— PROBLEM TO SOLVE —
Look through the data below and output, unchanged, every line from the one holding "There's just not" through the one holding "First things first, we", inclusive. Skip the pictures.

[Opening GIVEN INFORMATION section]

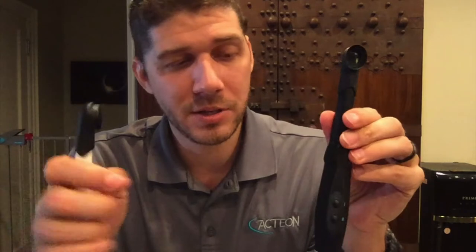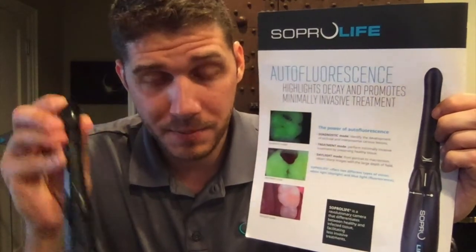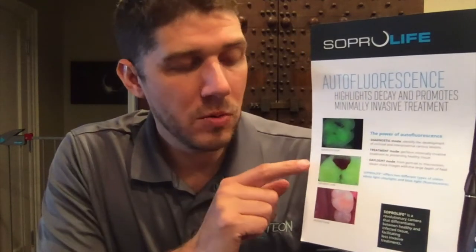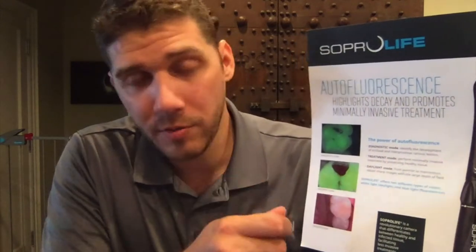The SOPRO Life camera features a diagnostic mode for caries as well as a treatment mode for caries. This camera is ideal in a doctor's hands — used to diagnose caries, and then once the patient has accepted treatment and you are removing the decay, it's used in treatment mode. The concept is that by utilizing the camera, rather than removing excess healthy tooth structure, you preserve the tooth and only remove the decay.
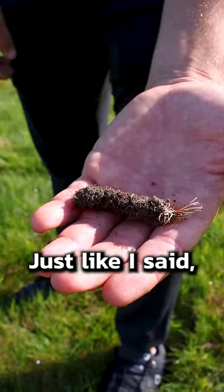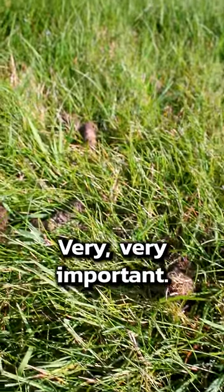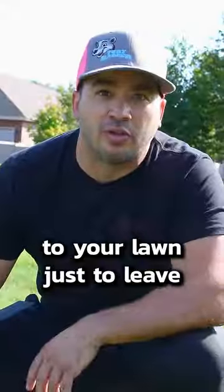There's just not a whole lot of them left, just like I said. After about two to three weeks they'll just kind of go away. Very important, very beneficial to your lawn — just leave the plugs there.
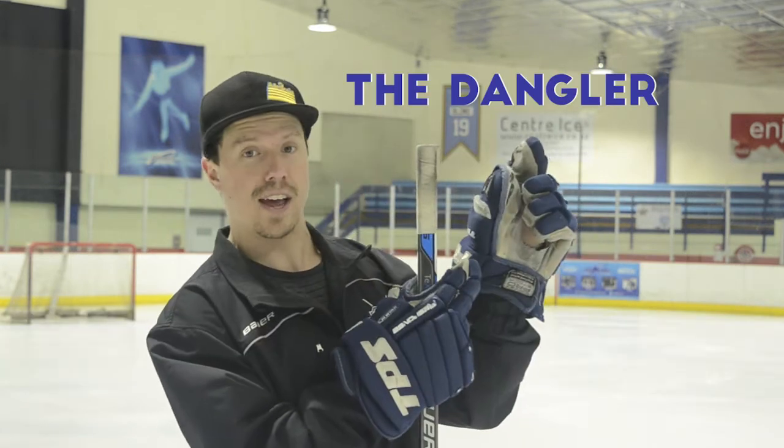What's up everybody? Welcome back to another edition of Dagg's Dangles. I'm your host Justin Dagg, a.k.a. The Dangler.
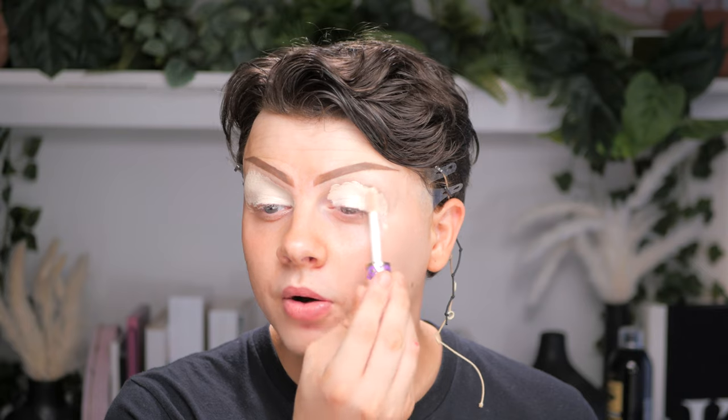First things first, we need to prime the eyes. So I'm taking the Tarte Shape Tape Concealer and I'm going to just plop this all over the eyelid. You always need to prime your eyes for any eyeshadow look, but especially a look with lots of colour. You want a nice blank canvas to put your eyeshadows on top of, so I'm just chucking this concealer all over my eyelid and taking it all the way out as well.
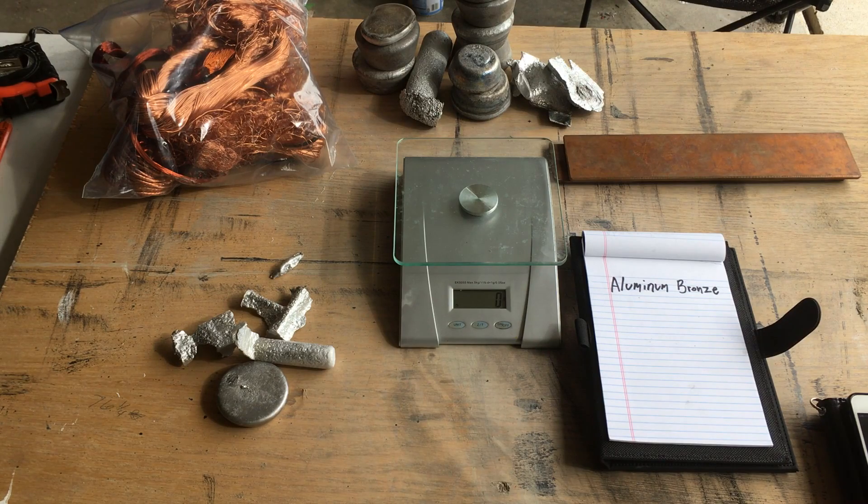Hey everybody, today we're going to try and make aluminum bronze from scratch. Aluminum bronze is a really neat alloy — it really looks like gold, it does not really tarnish all that much, and it's almost as hard as steel.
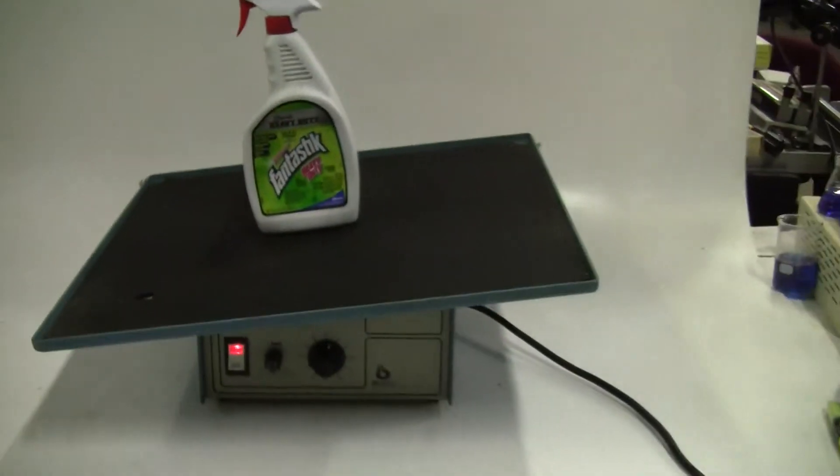Everything looks relatively clean, and it's rocking fantastic.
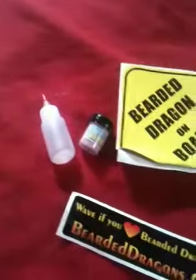There's also an empty bottle. This is the calcium carbonate that I have to give to my gravid females twice a day.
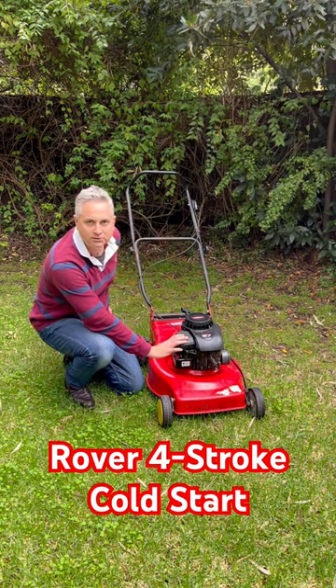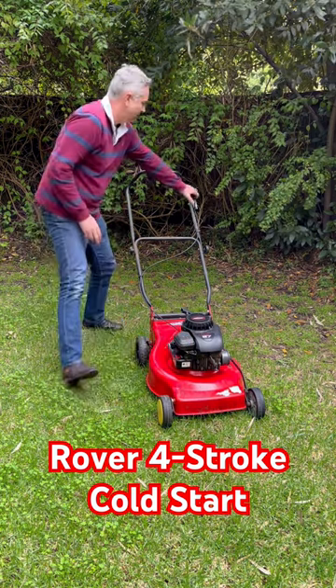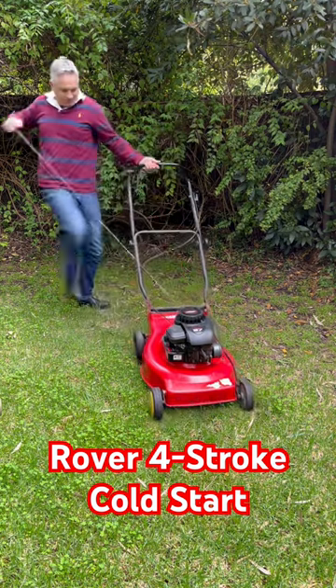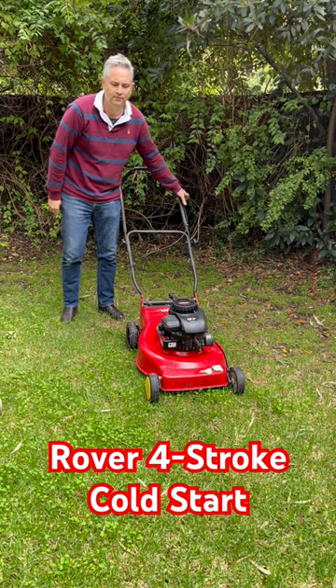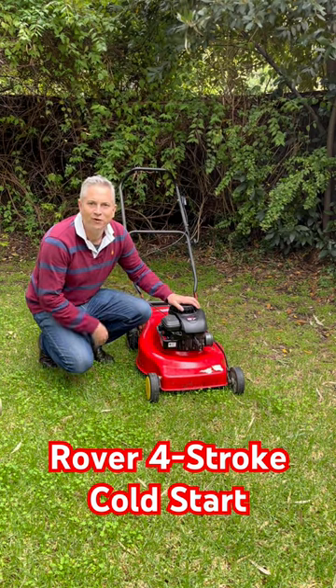So we'll give it three primes, come around, set the accelerator and pull the handle. So there you go folks, what a beauty.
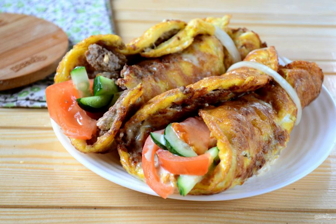It will turn out very beautifully and effectively. That's it — eat with pleasure.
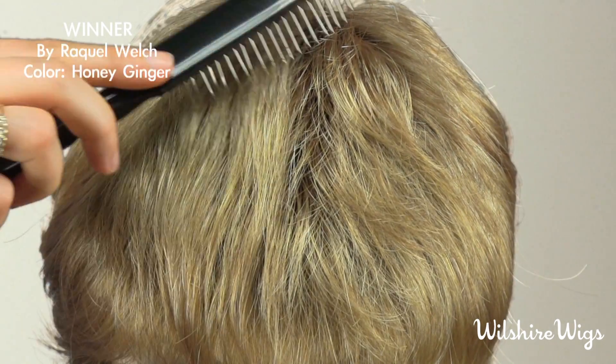Hi, I'm Megan. Thank you for watching WilshireWigs.com. I'm wearing Winner by Raquel Welch in the color Honey Ginger. It's a blended dark blonde with natural strawberry highlights. It's a short lightweight pixie with razor cut layers.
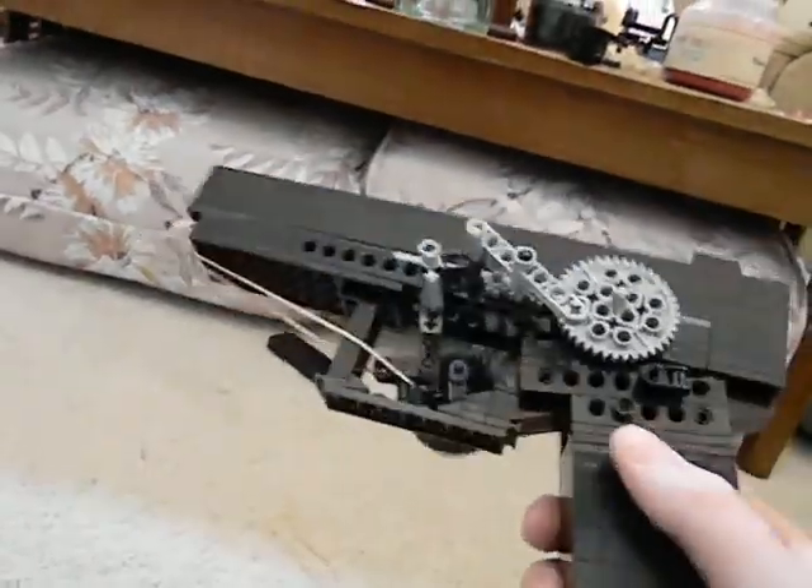To put that on, you want to make sure no rubber bands get caught. Start from the end and just slide it on very carefully. All right, there you go — very realistic.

[Closing GIVEN INFORMATION section]

— SOLUTION —
There's just not a whole lot of them left, just like I said. After about two to three weeks they'll just kind of go away. Very important, very beneficial to your lawn — just leave the plugs there.
What's up everybody? Welcome back to another edition of Dagg's Dangles. I'm your host Justin Dagg, a.k.a. The Dangler.
First things first, we need to prime the eyes. So I'm taking the Tarte Shape Tape Concealer and I'm going to just plop this all over the eyelid. You always need to prime your eyes for any eyeshadow look, but especially a look with lots of colour. You want a nice blank canvas to put your eyeshadows on top of, so I'm just chucking this concealer all over my eyelid and taking it all the way out as well.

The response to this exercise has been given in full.